I believe that star-gazing is good for the soul. Maybe it's
just my soul, but feeling like a tiny speck on a tiny planet beneath a sparkling, infinite
sky can heal most of what ails me. It's calming, inspiring, a way to feel connected
to a world larger than I can really know. And while you can do almost anything in Vegas,
you really can't star-gaze. The shine of the Strip and the sprawling lights of
suburbia are so bright that even on a good night, you'll never see more than a
handful of stars. To really appreciate the rest of the universe, you've got to
head for the hills.
Nevada's wilderness can be an excellent place to star gaze.

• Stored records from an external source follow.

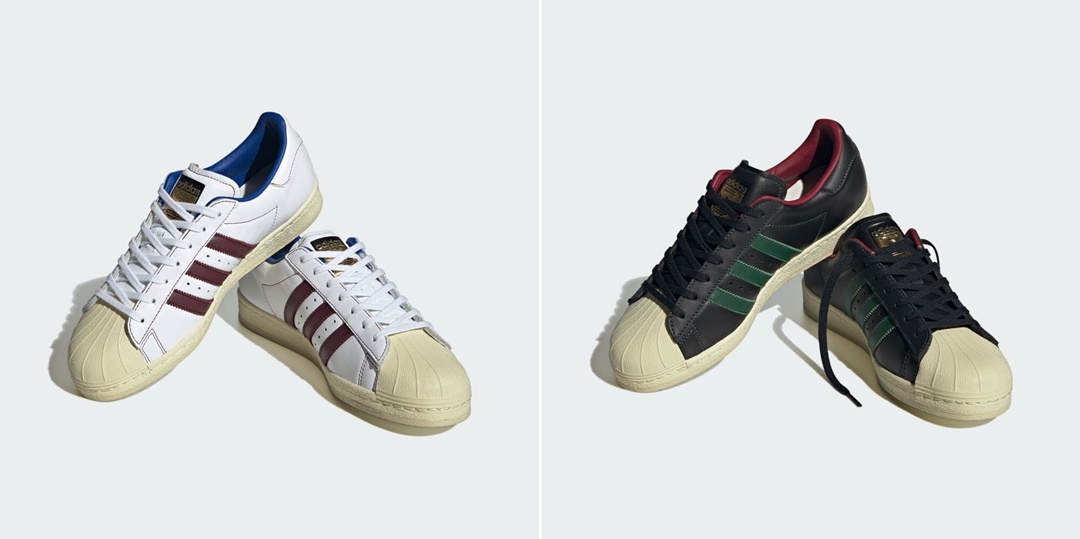 アディダス オリジナルスから東京にフォーカスしたスペシャルコレクション「TOKYO ENERGY」が順次発売 (adidas Originals)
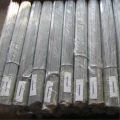 Cheap Straight Galvanized Iron Cut Wire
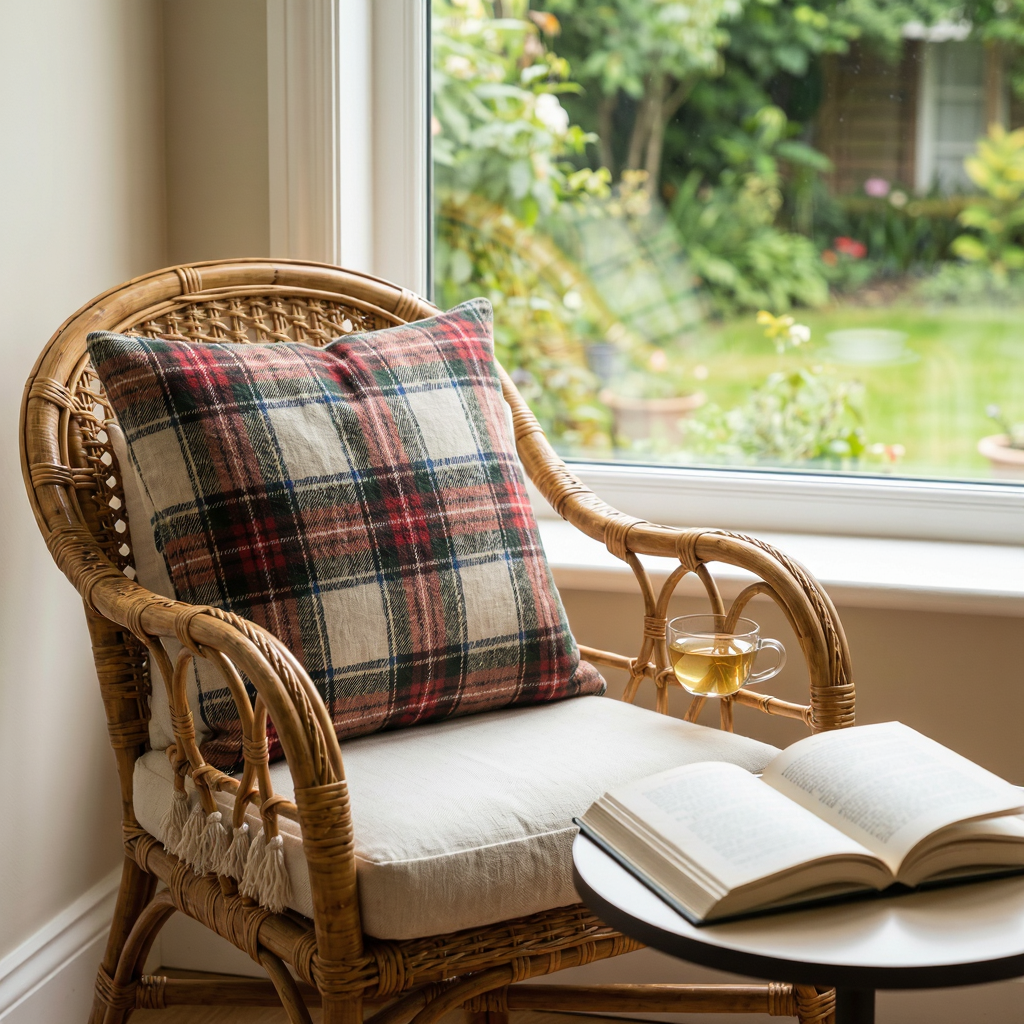 Cozy Country(������)�ٷ����ؽ�ͼ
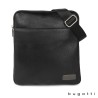Bugatti Contrast Collection Crossbody Bag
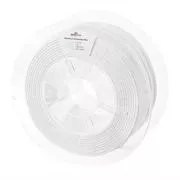 Spectrum Filament Premium PLA 1000g, arctic white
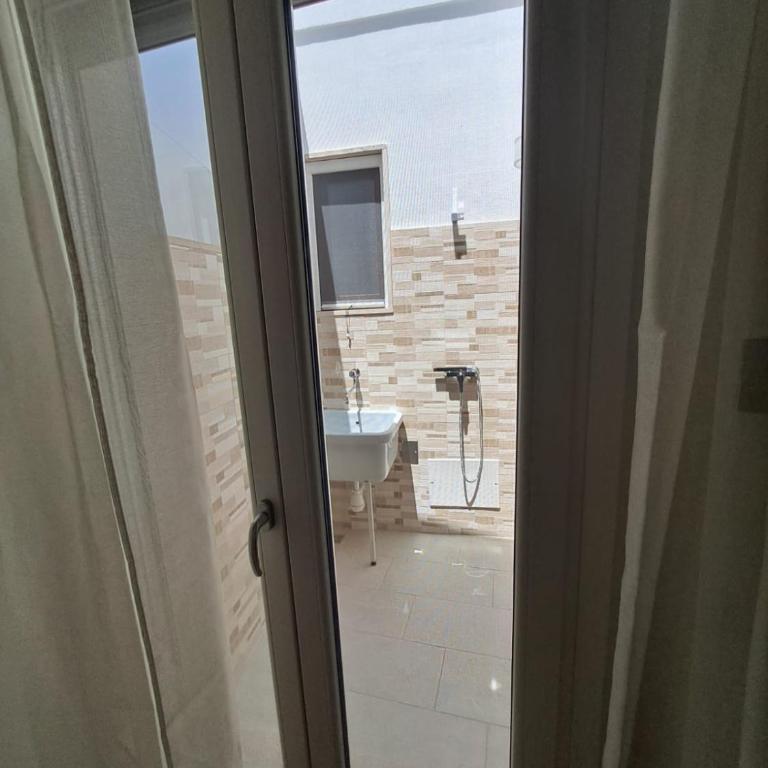 Villa Lory - Torre Lapillo - 300 mt dalla spiaggia - Casa con 1 Camera da Letto - 23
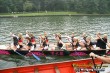 Thumbs/tn_silverstars_drachenboot052.jpg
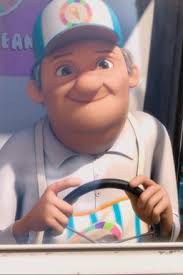 Despicable Me 2: 3 Mini-Movie Collection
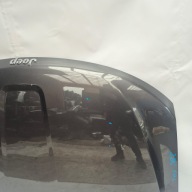 JEEP GRAND CHEROKEE WK2 10- Cofano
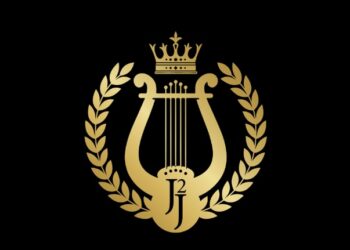 شركة جيسي ماثيو الدولية تعلن وظائف شاغرة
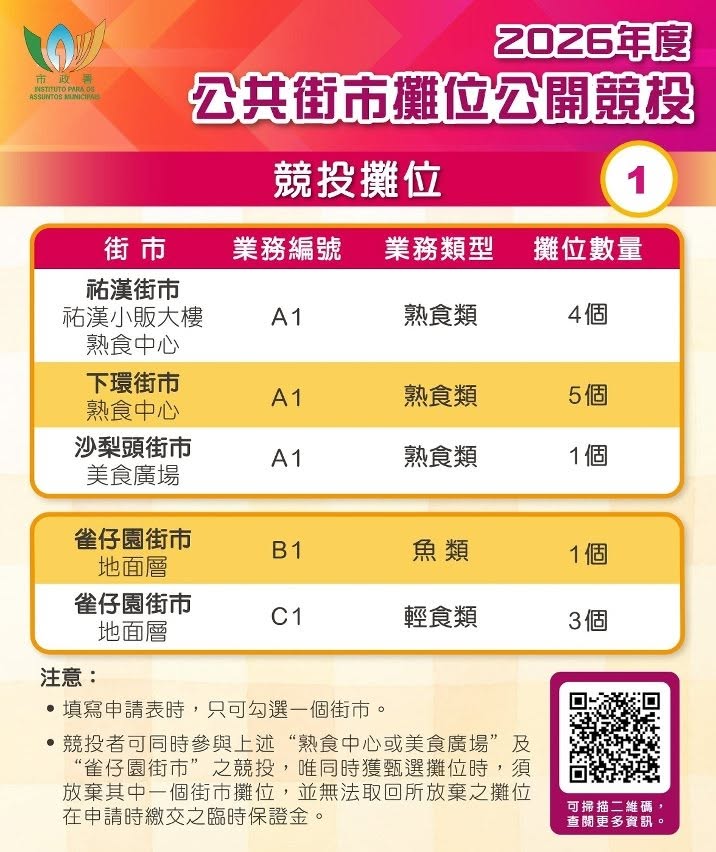 776253066_38490949950518858_439991023322588450_n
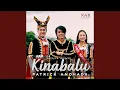 KINABALU (Karaoke Version)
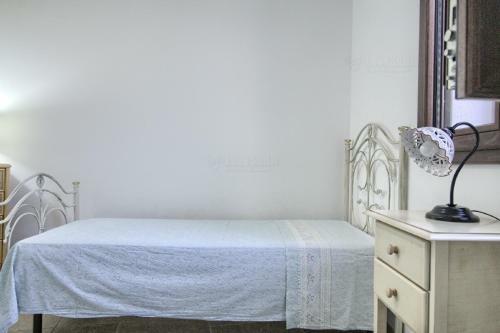 Apartamento Trullo Settemisi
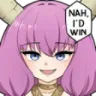 :AuraNahIdWin:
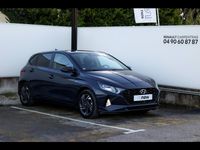 occasion Hyundai i20 i201.0 T-GDi 100 DCT-7 Hybrid 48V Intuitive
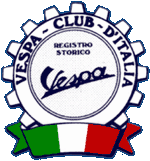 Immagine decorativa Immagine decorativa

It's easy to find campsites with a good view of wide sky, since we don't have
the continuous, dense canopies of deciduous forests. In our dry climate, it's rare
to have low-hanging clouds ruin your view. There are few mosquitoes and low odds for a
sudden rain storm, so you don't really need to hide from the elements in your tent.
With so many protected wilderness areas, we still have plenty of places that are well
beyond the glow of towns and cities. Head out on a camping trip with a constellation
chart and some patience, and you could see more constellations than you ever knew
existed. And those are just the stationary stars. While you are mapping out those
Greek gods, you'll undoubtedly catch a few flashing meteors.
Seeing a good shooting star makes you feel special. Good luck,
make a wish, etc... But as it turns out, there are millions of meteors flashing
across the sky, throughout the day and night, caused usually by sand-sized grains of
astronomical grit, burning up with friction through the air molecules of the atmosphere.
According to space.com, we can usually only see .005% of the sky at one time, bringing
our eye's share of shooting stars to an average of 12 per hour. If you are watching
with constant vigilance. For the casual, fire-side star-gazer, catching a few big,
brilliant ones is cause for celebration. Until I started spending my summers sleeping
without a tent in Nevada's wilderness, I saw only a few shooting stars a year.
Now I see a few a night.
In August, I was camped out in the Big Rocks Wilderness in
Lincoln County. As I lay in my sleeping bag, dwarfed by the boulders of Pahroc Canyon,
the milky way was shining clear. July's monsoon clouds had cleared, the half-moon
rose late, and the high canyon walls block any faint light pollution from spoiling the
view. In the hour or so before I'd drifted to sleep, I usually saw more than 15
shooting stars, big sweeping flashes across the sky. Sleeping out every night in the
desert, I am used to seeing a few before I close my eyes, but this show was above and
beyond. I later found out that the Earth was passing through the Perseid Meteor Shower,
an annual rotation through a cloud of debris that usually occurs in mid-august and
provides a spectacular sky show.
The next night, the sky-show got even better. A big electrical
storm hung over the Delmar Valley to the south of us. We could barely hear the thunder,
but the sky flashed and glowed with lightning strikes every minute or two. Far enough
away to be free from the fears of rain (and putting up a tent in a wet, 2am panic)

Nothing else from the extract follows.